Bootstraping а PostgreSQL logical replication application

Recently I was involved into a project for replicating data from PostgreSQL to Datalake. I heard about PostgreSQL logical data replication a few years ago and found a few hours to play with the Change data capture fuction of these popular database. Today's blog is all about PostgreSQL logical replication with a few fragments of code to test the functionality.

Change data capture is an architecture design principle that allows us to capture the recently data changed into the database in realtime. The changes could be any DML operations: Insert, update, delete. TThere are a few charactaritics of CDC as follow:

Logical replication uses publish-subscribe model. Subscriber pulls the data from the publication they subscribe to and manipulate the data.
Only commited transactions on WAL archive (transaction log file) will be return by the CDC.
CDC will return on orderd form how they commited on the database.
Logical CDC doesn't impact on database performance.
From the PostgreSQL v15, you can get the logical changes from specific table rows/columns
You can use a several output plugins to get the data into different formats such as JSON, AVRO, Binary etc.

PostgreSQL logical replication

Note that, you can't use PostgreSQL logical and physical replication at the same time. The difference between physical replication and logical replication is that logical replication sends data over in a logical format whereas physical replication sends data over in a binary format.

Before dive into the PostgreSQL logical replication, it will be usefull to understand a few concepts:

Publication. From the PostgreSQL documentation: A publication is a set of changes generated from a table or a group of tables, and might also be described as a change set or replication set. Each publication exists in only one database.

Every publication can have multiple subscribers.
A publication is created using the CREATE PUBLICATION command and may later be altered or dropped using corresponding commands.

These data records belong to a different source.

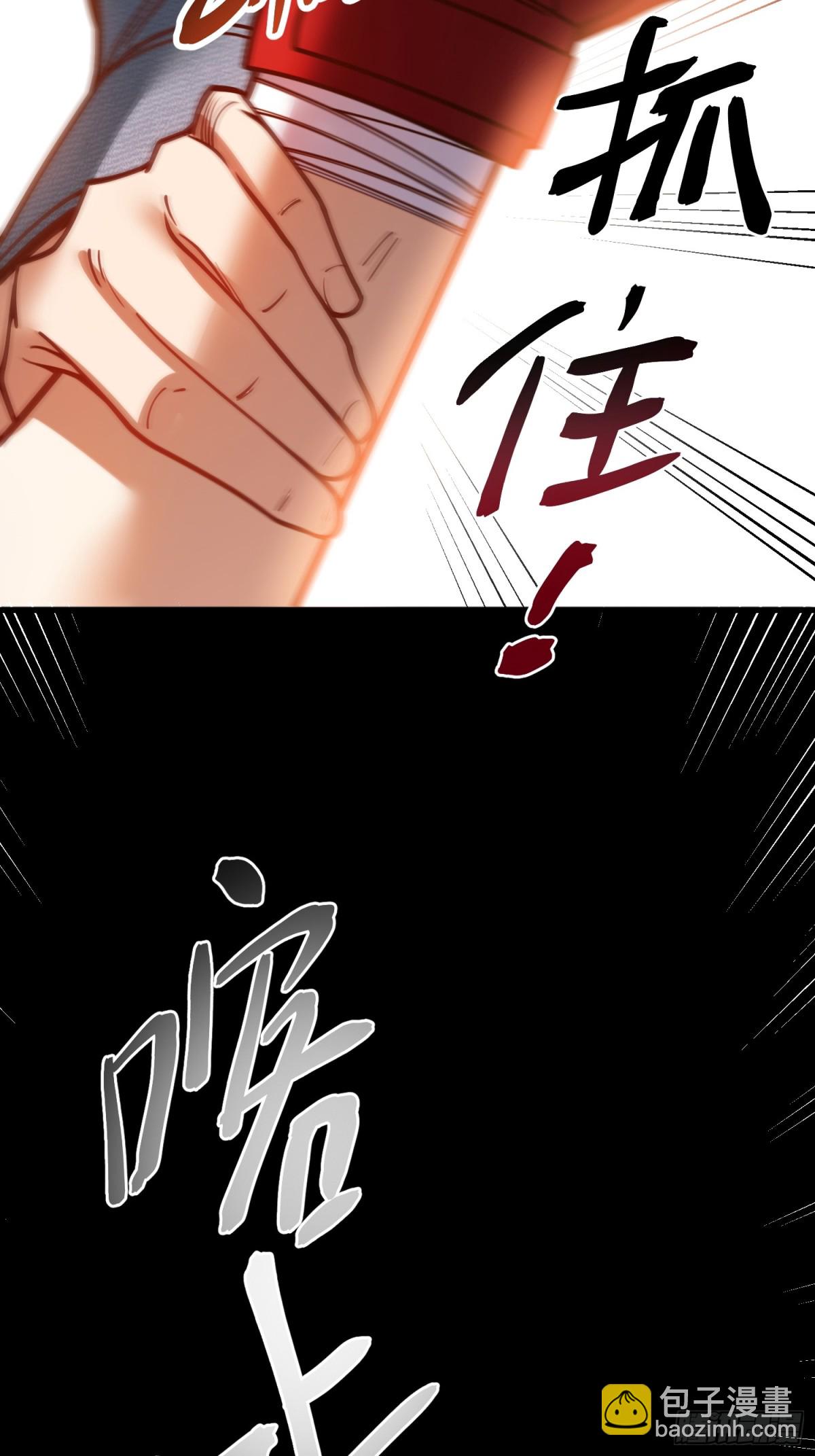 重生不當舔王，我獨自氪金升級 - 第120話 - 4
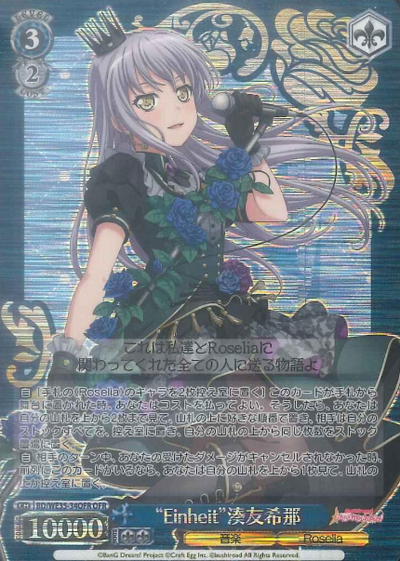 Minato Yukina OFR BD/WE35-34OFR - BanG Dream!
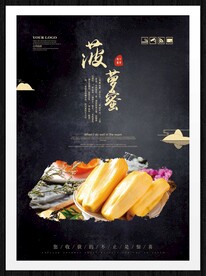 菠萝蜜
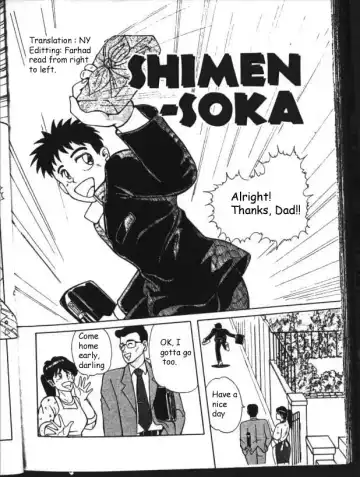 [Kimigawa Rui] Mucha Shimasho Fhentai - Page 2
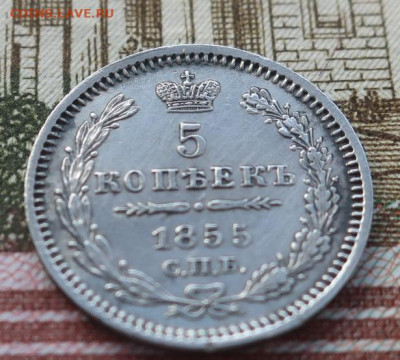 5 копеек 1855 С.П.Б.  - Н.I.  неплохие - 2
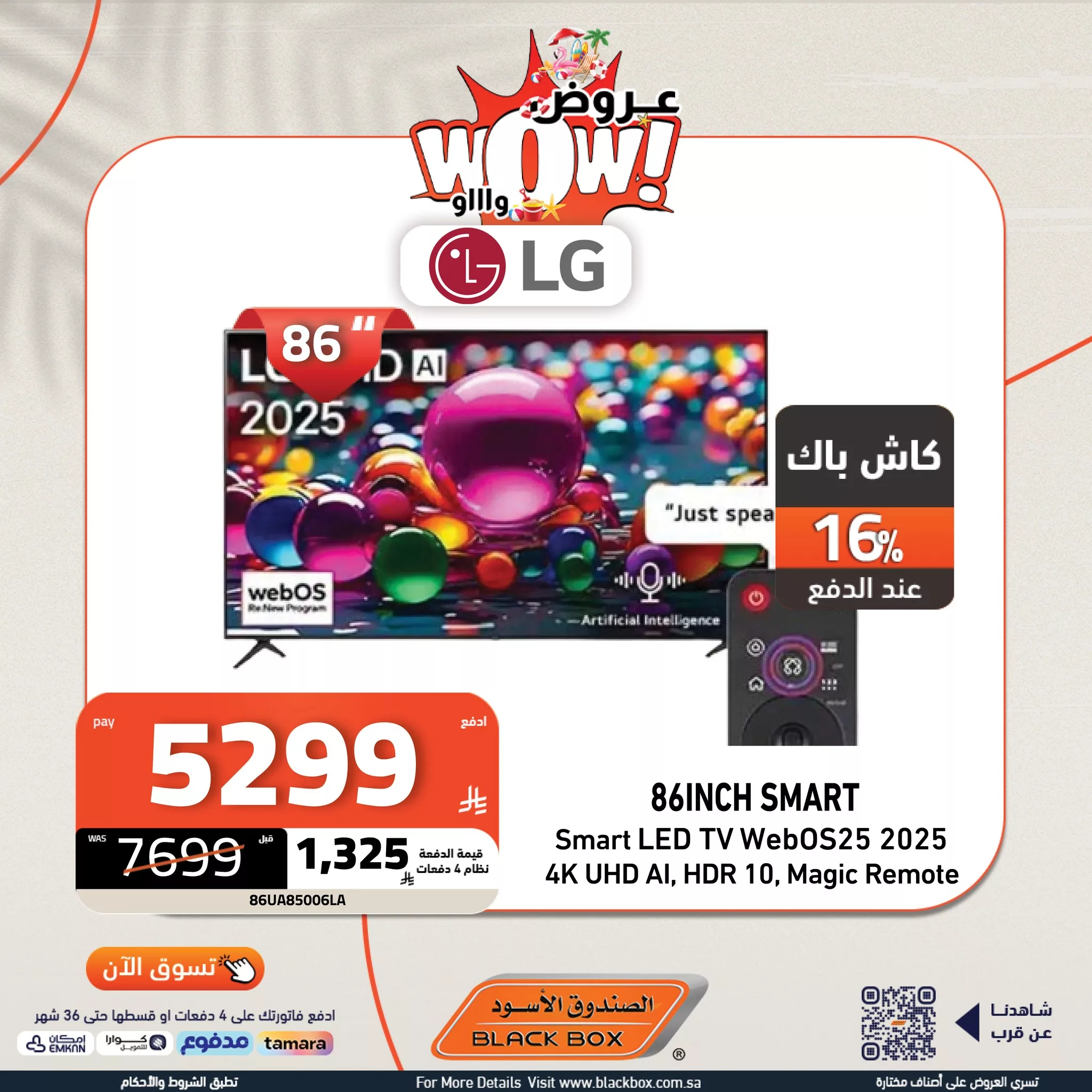 تسوق عروض التلفزيونات من الصندوق الاسود | الملعب صار في بيتك 1 518272678 1177235437767262 1251437374401074042 n - تسوق عروض التلفزيونات من الصندوق الاسود | الملعب صار في بيتك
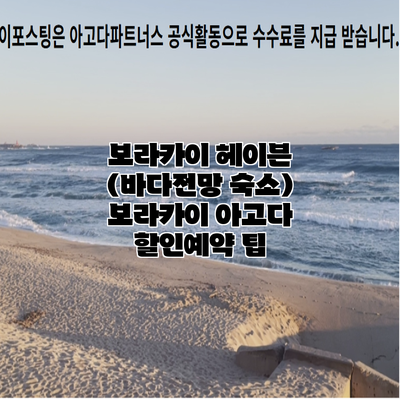 보라카이 헤이븐 (바다전망 숙소) 보라카이 아고다 할인예약 팁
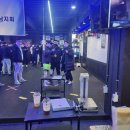 석산 파워 복싱 이미지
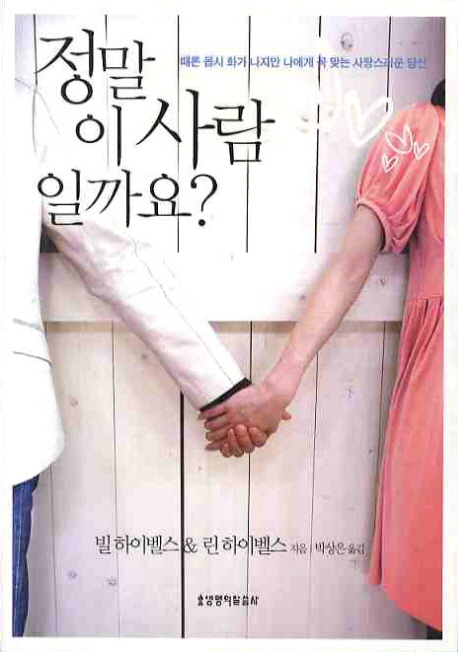 정말 이 사람 일까요?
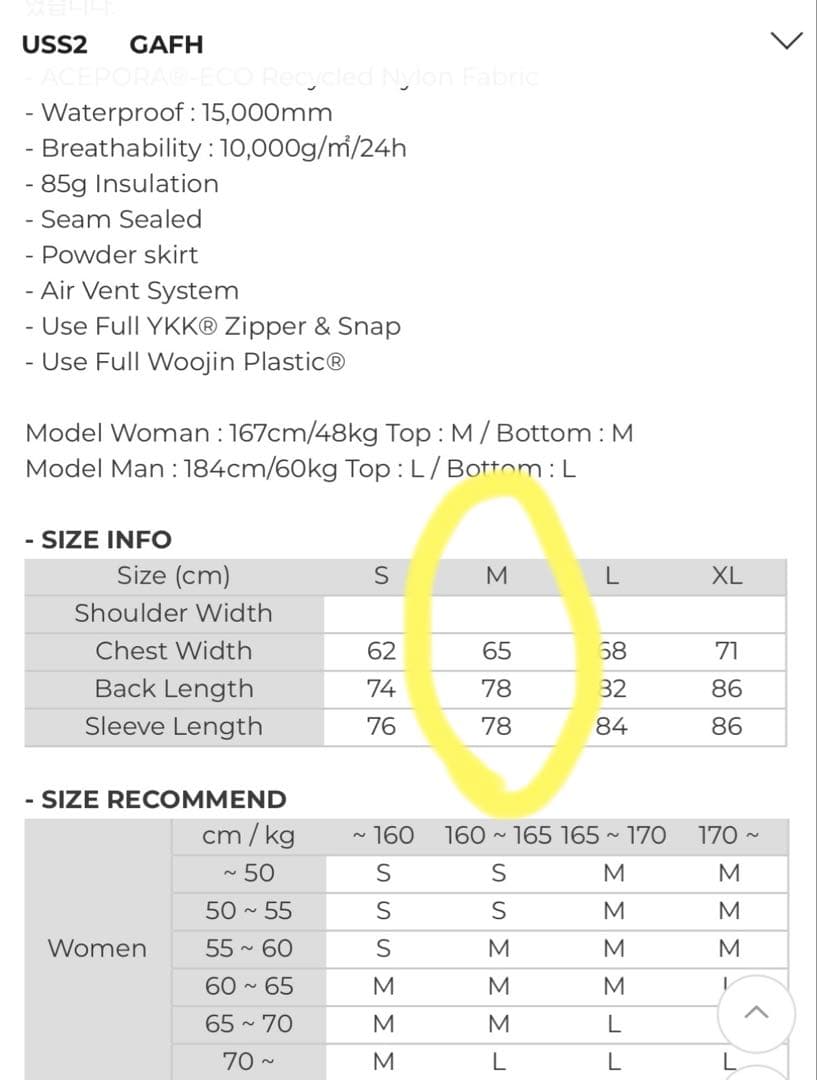 スノーボードウェア　uss2 ハーフジップ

Logical decoding. From the PostgreSQL manual, "Logical decoding is the process of extracting all persistent changes to a database's tables into a coherent, easy to understand format which can be interpreted without detailed knowledge of the database's internal state." Transaction Log or the WAL archive format is binary and can change over time. Also, the WAL contains changes for every database in the server. Here logical decoding comes into play by providing changes only one database per slot through API with facilities to writing into an output plugin, which can return the data into any format you define.
Replication slot. A replication slot is a sequence of changes that happened on the database. The slot manages the set of changes and sent through the plugin. There can be more than one slot in the database. PostgreSQL provides a set of FUNCTIONS and VIEWS for working with the Replication slot such as pg_create_logical_replication_slot or pg_replication_slots.
Output Plugin. A plugin is a library written in different programming languages, which accepts the changes and decodes the changes into a format you preferred. Plugins need to be compiled and installed before uses. Here is the list of all available plugins for PostgreSQL.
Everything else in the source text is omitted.